En 2012, Erdoğan affiche sa volonté de rendre l’IVG illégale après la quatrième semaine de grossesse, la comparant ainsi à un meurtre, et exhorte la population à faire trois enfants ou plus, l’accroissement de la population devant permettre à la Turquie de se placer parmi les dix économies les plus puissantes au monde. Aux dires de la réalisatrice, le gouvernement actuel est en train de transformer les écoles laïques en écoles religieuses, tuant ainsi la laïcité à sa source. Si les femmes ont déjà eu beaucoup de droits, aujourd’hui elles ne sont définitivement pas les égales des hommes, le code d’honneur ayant une grande importance. Plus de la moitié des féminicides seraient commis par les maris de ces femmes, et le gouvernement affirme, se basant sur le Coran, que la femme ne peut être l’égale de l’homme, puisque la religion n’a défini qu’un seul rôle pour la femme, soit celui de la maternité.
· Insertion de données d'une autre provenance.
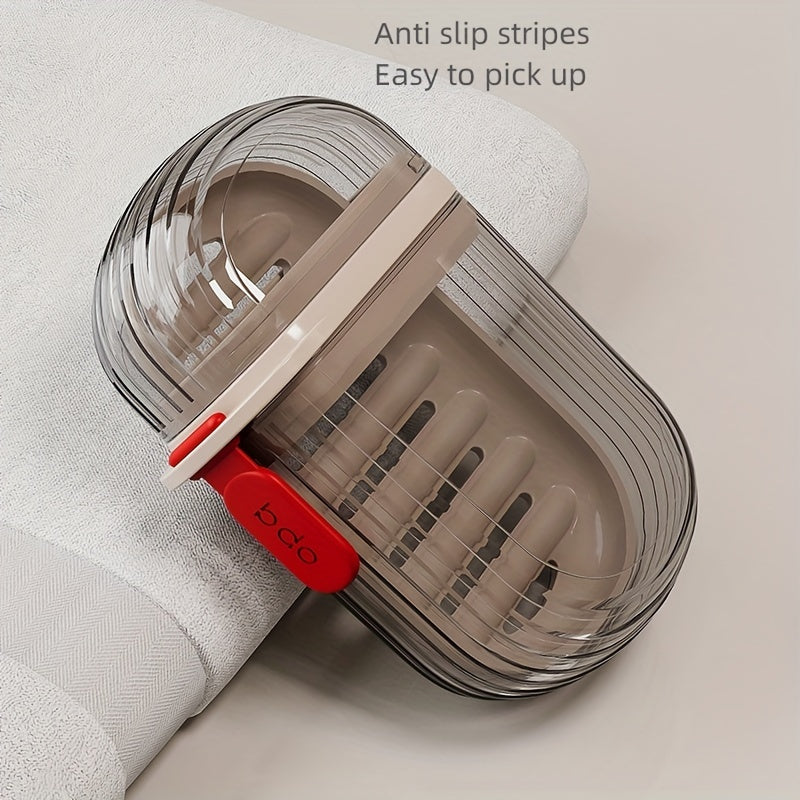 Lightweight & Waterproof Travel Soap Dish
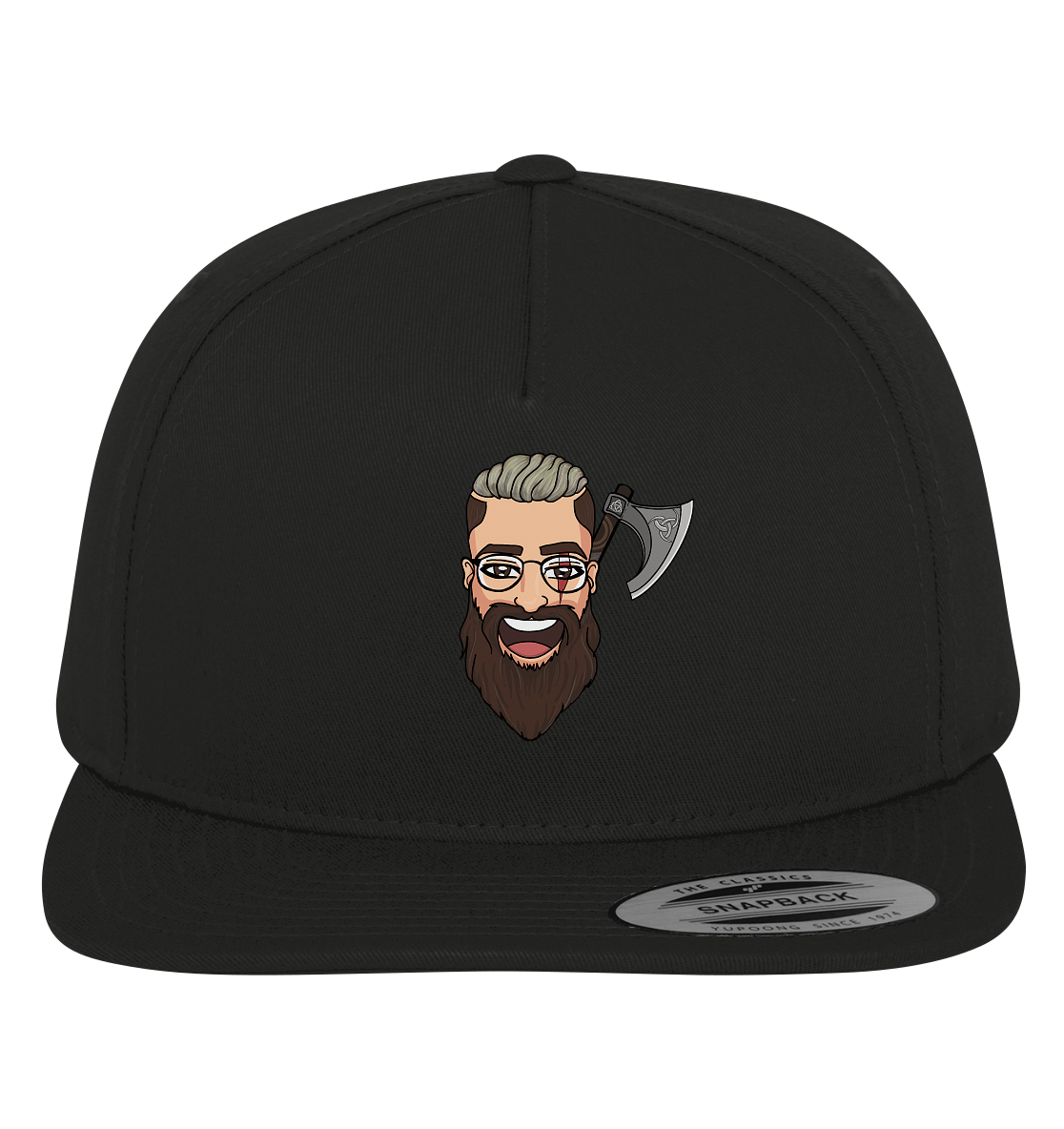 Adropon Logo - Premium Snapback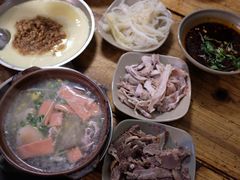 -汝萍传统蘸水菜(春华路总店)
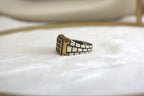 Old Money Spectator Ring
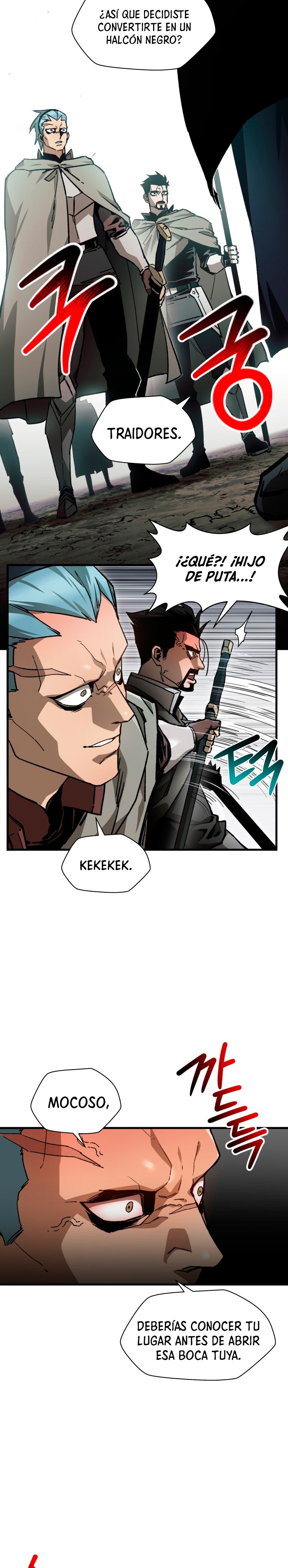 Read Helmut_ El Niño Abandonado ES Manga Online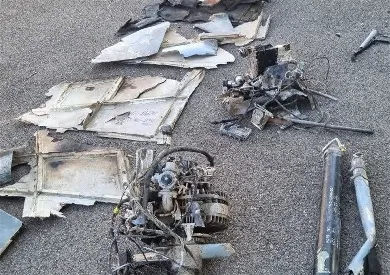 إيران: أنظمة الدفاع الجوي تتصدى لطائرات مسيرة إسرائيلية في عدة مناطق من البلاد إيران: أنظمة الدفاع الجوي تتصدى لطائرات مسيرة إسرائيلية في عدة مناطق من البلاد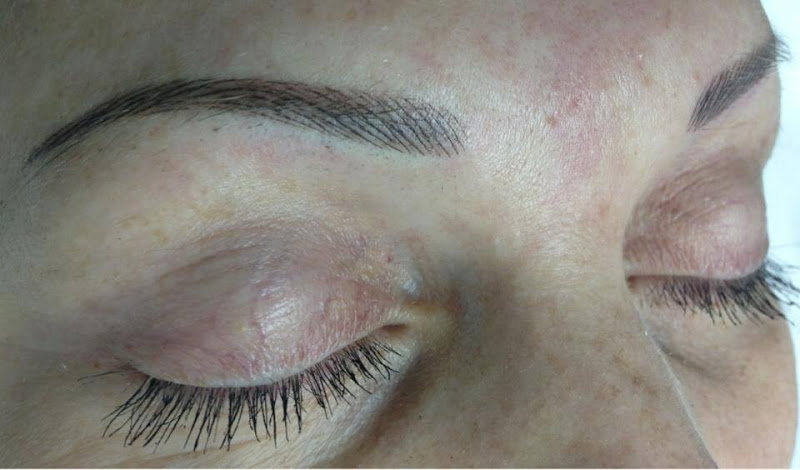Permanent makeup by Svetlana 2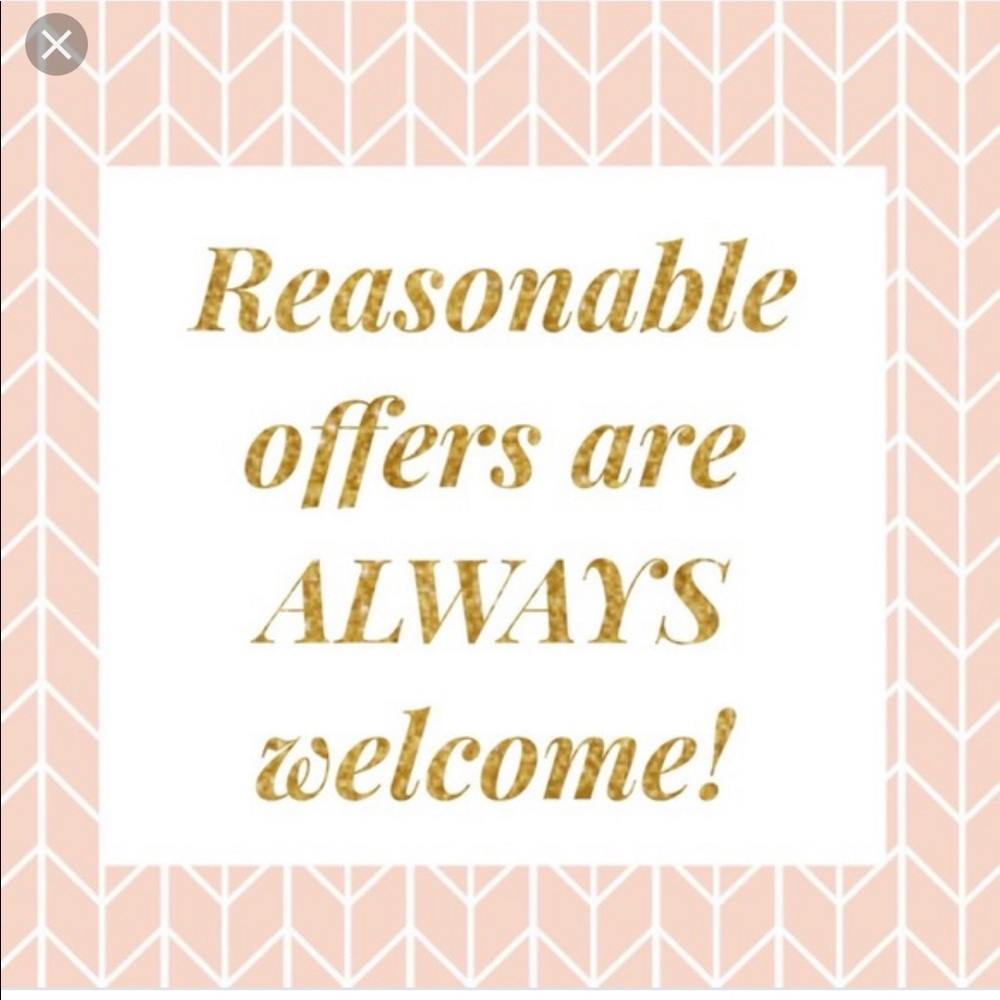 I love offers 😊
C’est donc dans ce contexte que prend place Mustang, film germano-franco-turc, qui représentera la France dans la course à l’Oscar du meilleur film en langue étrangère.
Bien que l’histoire soit profondément dramatique, on ne peut qu’admirer le courage de ces jeunes filles qui n’ont jamais dit leur dernier mot et qui sont prêtes à tout pour défier les règles imposées par leur oncle. Plusieurs y verront une ressemblance évidente avec le Virgin Suicides de Sofia Coppola, mais la réalisatrice, qui cosigne ici le scénario en compagnie d’Alice Winocour, a affirmé s’être plutôt inspirée d’une expérience personnelle, ajoutant que contrairement aux personnages qui n’acceptent jamais ce qu’on leur fait subir, elle-même a mis plusieurs années avant de commencer à se rebeller.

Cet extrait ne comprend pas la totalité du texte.